[Start of Attachment]
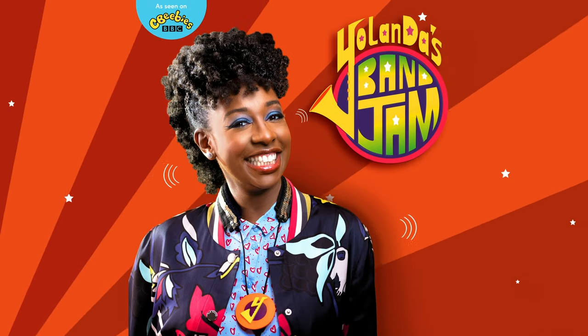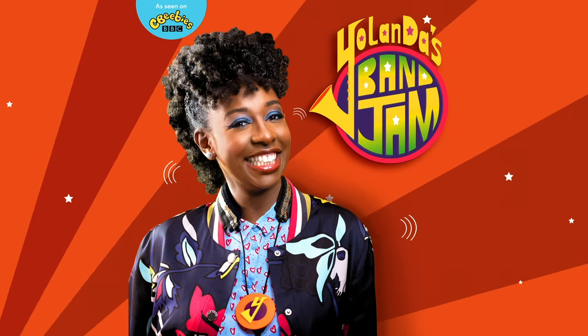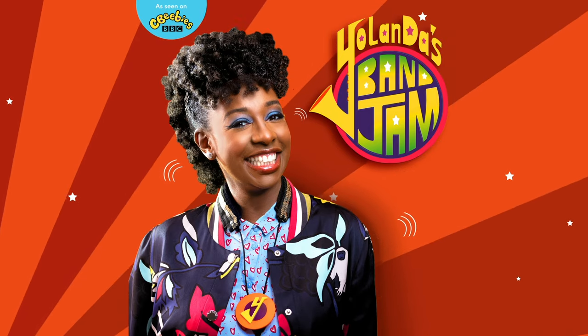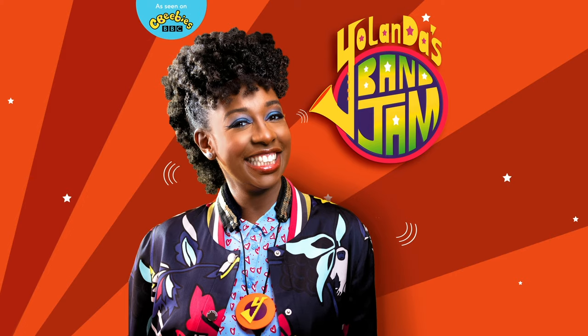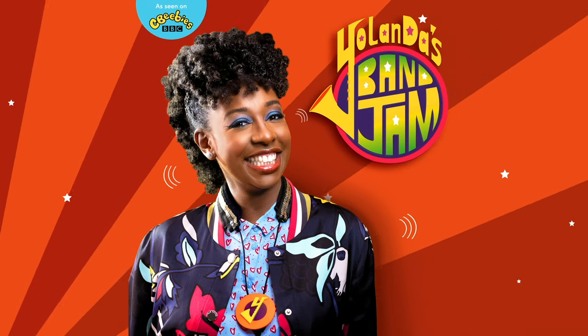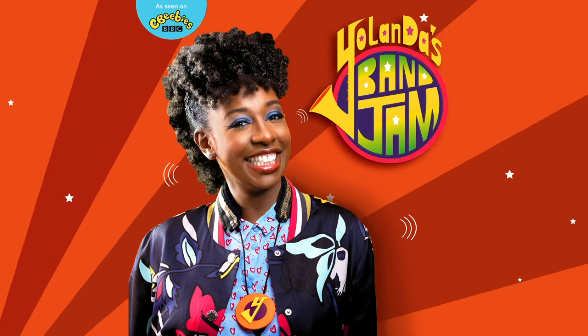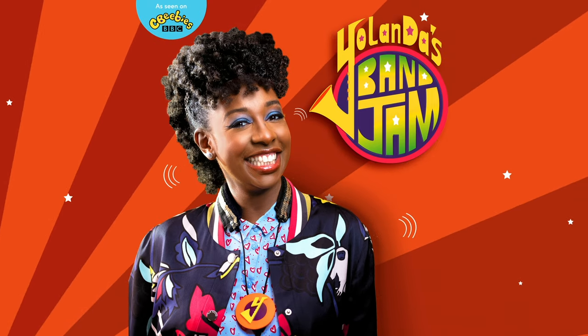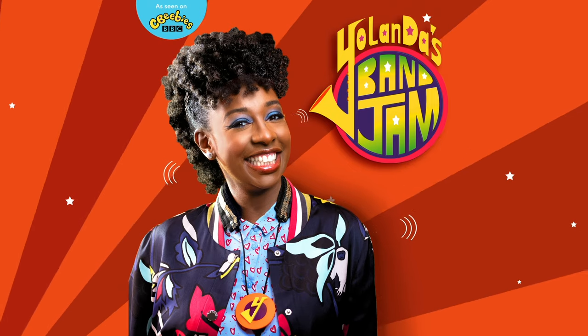Well done, Bandjammers — that was awesome! Can you hear Yolanda playing staccato on her saxophone? Yolanda, do you have any ideas for any other staccato moves? Andy, I think we could pretend to be robots — they make quick, jerky movements. Bandjammers, join in with your best robot dancing!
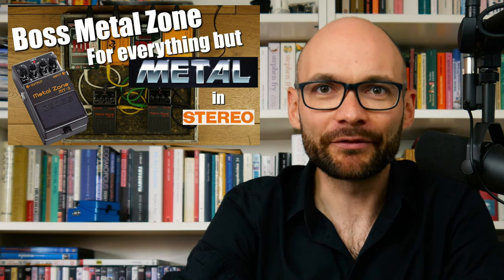Welcome to Bad Gear, the show about the world's most hated audio tools. After the release of the almost legendary Metal Zone for Everything But Metal In Stereo episode, a lot of people asked me whether I planned to make an episode about more guitar-oriented gear. Of course, I'm happy to oblige.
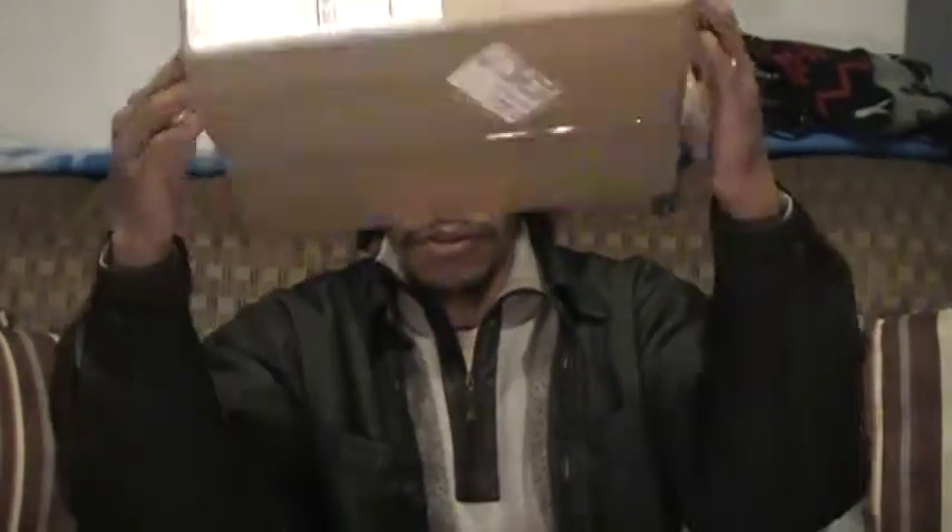What should I open up first? We'll save the friend's package for later because there's something in there that's going to be a special gift to one of you. So first we'll start off with the Tackle Warehouse box.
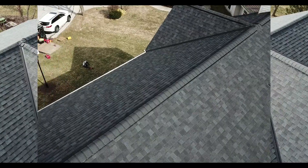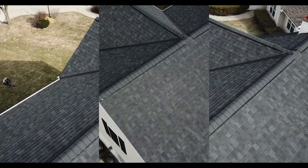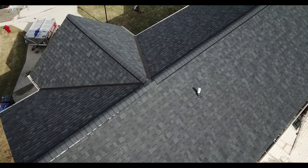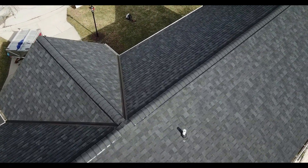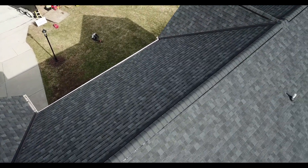We also installed new Owens Corning shingles along with pro edge ridge cap and ridge vent. This roof comes with a 50-year non-prorated warranty that will cover material, labor, tear off, and disposal for a period of 50 years from the completion date. This homeowner will never have to worry about their roof again.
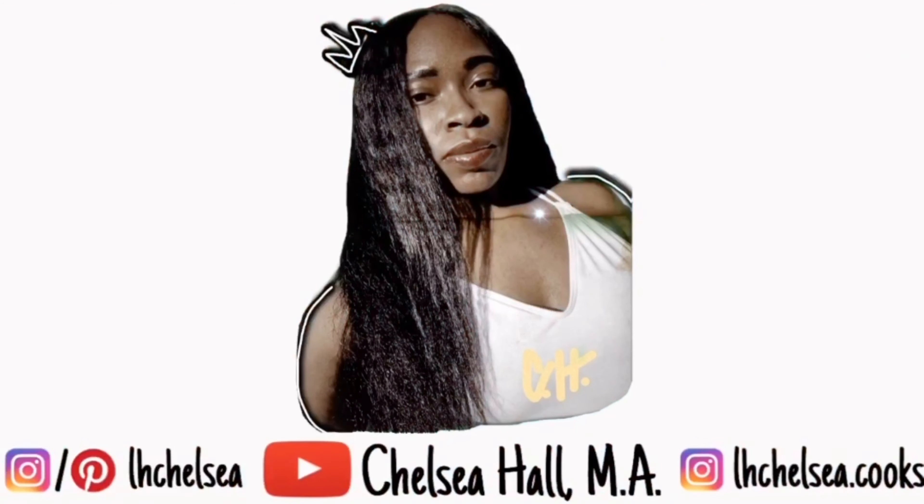When all of that was done, I put the pizza in the oven at 450 degrees for 20 minutes. And then this was the finished product.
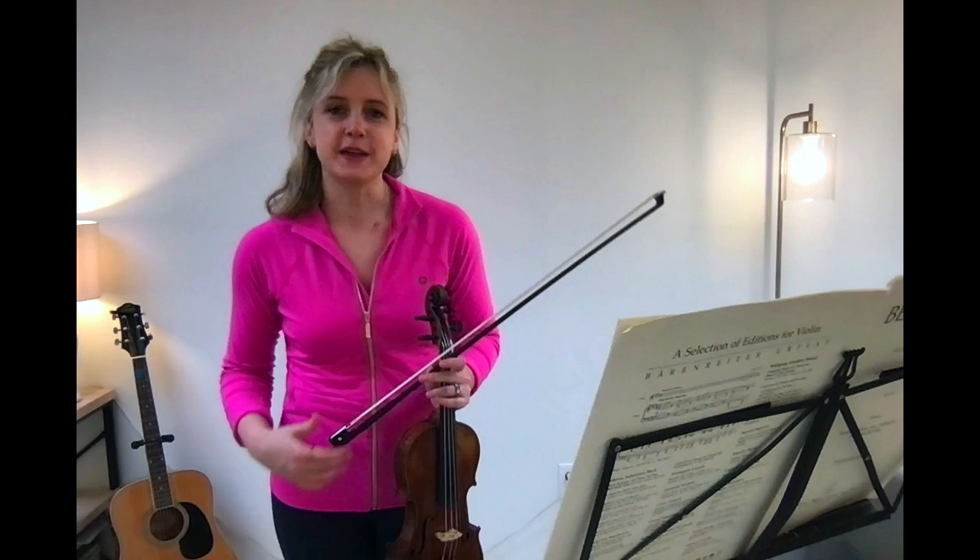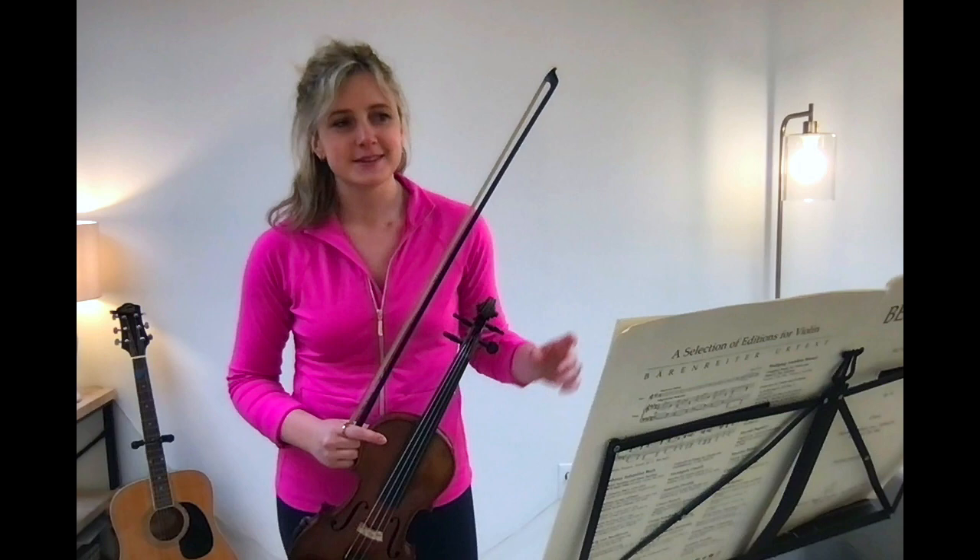Hey guys, it's week five of the Beethoven series. I'm so glad you're here. Let's go ahead and play this music — pages 12 and 13 this week. I'll talk about it afterwards and also talk about plans for the cadenza and the next movements.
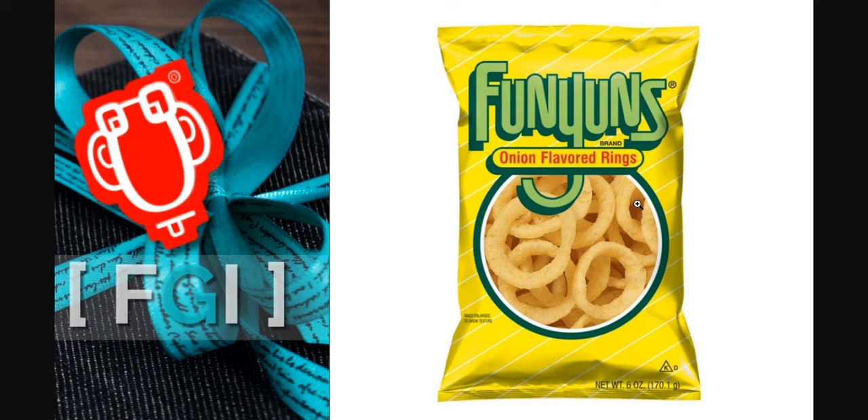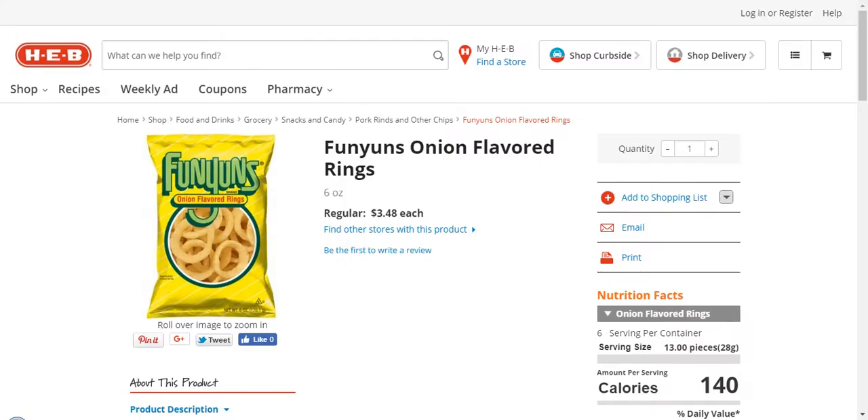Here is a bag of Funyuns onion flavored rings. These meet the four requirements of having no artificial coloring, no artificial dyes, no high fructose corn syrup, and no hydrogenated oils. These are really good — I'm sure a lot of people can attest to that.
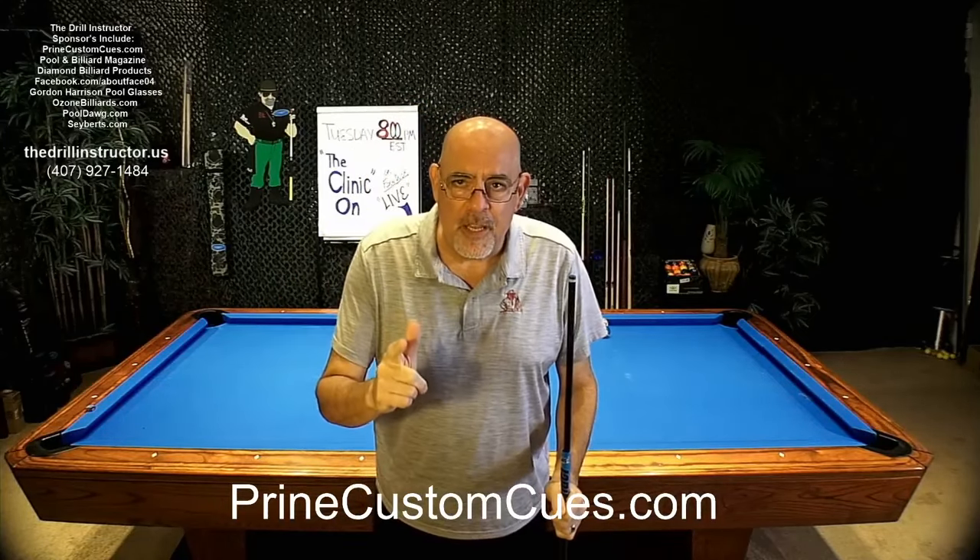Hi everybody, Dominic Esposito, your drill instructor. Welcome to the clinic and I'm excited to be here with you tonight. Thanks to our sponsors: Pool and Billiard Magazine, Diamond Billiard Products, Dr. Harrison for my great pool glasses, and Prine Custom Queues right there on the bottom.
[End of Attachment]
→ What you should do: All that is needed here is the run of lines from the one containing "Hey guys, it's" through the end of the material above, reproduced exactly and without pictures.

→ Response area:
Hey guys, it's week five of the Beethoven series. I'm so glad you're here. Let's go ahead and play this music — pages 12 and 13 this week. I'll talk about it afterwards and also talk about plans for the cadenza and the next movements.
Here is a bag of Funyuns onion flavored rings. These meet the four requirements of having no artificial coloring, no artificial dyes, no high fructose corn syrup, and no hydrogenated oils. These are really good — I'm sure a lot of people can attest to that.
Hi everybody, Dominic Esposito, your drill instructor. Welcome to the clinic and I'm excited to be here with you tonight. Thanks to our sponsors: Pool and Billiard Magazine, Diamond Billiard Products, Dr. Harrison for my great pool glasses, and Prine Custom Queues right there on the bottom.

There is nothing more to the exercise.